The significance of all this for the death penalty, of course, is that if you suppose Stanko has free will, and just chose not to refrain from killing, then he deserves to die, since he's a self-made monster. But if we take the causal story of his character and behavior seriously, we can't suppose that he could have done otherwise.
Bailey: Given that view, what, exactly, should be done with the Stankos of the world, given the crimes they commit?
Clark: If, as I believe, we should be creating a less punitive, less dangerous society, then we want to reinforce nonviolent models of behavior and make inmates better, not worse. Right now, the death penalty and many prisons model the worst sort of behavior imaginable - killings, rape, isolation, degradation - and thus further damage inmates, many of whom will eventually be released, helping to perpetuate the sort of society that's causing crime in the first place. Once we drop the free-will-based, retributive justification for punishment, there are still valid objectives of criminal justice, including public safety, deterrence, rehabilitation, community restoration, and victim restitution.
My recommendation for what we do with Stanko:
To ensure public safety, Stanko should be securely segregated from society.
To help deter others contemplating similar horrific crimes, his sentence should be a minimum of 20 years.
To help rehabilitate him to the [fullest] extent possible, the facility housing him should provide effective, evidence-based programs that teach him social and job skills of the sort he should have had in the first place. Treatment for addiction, mental illness and other behavioral health problems should be provided as well.
For community restoration, his work requirement should be designed to produce some tangible benefit to the communities he terrorized, such as participating in a supervised crew doing clean-up, construction and other necessary work he's capable of doing.
For victim restitution, Stanko should, with proper counseling and guidance, be led to understand just how badly he's damaged his victims' lives and those of the victims' families. He can then be required to apologize directly to his victims and their families, and provide continuing restitution to them in the form of work done on their behalf.

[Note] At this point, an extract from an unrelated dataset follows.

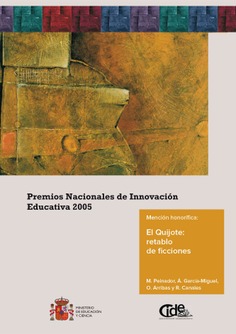 Premios nacionales de innovación educativa 2005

All this takes the victims' needs into account, a very important aspect of criminal justice.
Conditions of release: Stanko's release from segregation should be contingent on the determination that he no longer presents a risk to society and that he has fulfilled the obligations of his sentence related to community restoration and victim restitution.
Focusing on Stanko is just part of the solution, assuming we're interested in solutions to crime and not merely on meting out just deserts. You could challenge your readers to reconsider their retributive instincts by visiting www.naturalism.org/criminal.htm, and suggest they address the vital questions of what social conditions create Stanko and others like him, and what can we do to prevent other such human horrors. The basic issue is, what sort of a society do we want to be? A society that executes those unfortunate individuals who are caused to become murderers or a society that addresses those causes?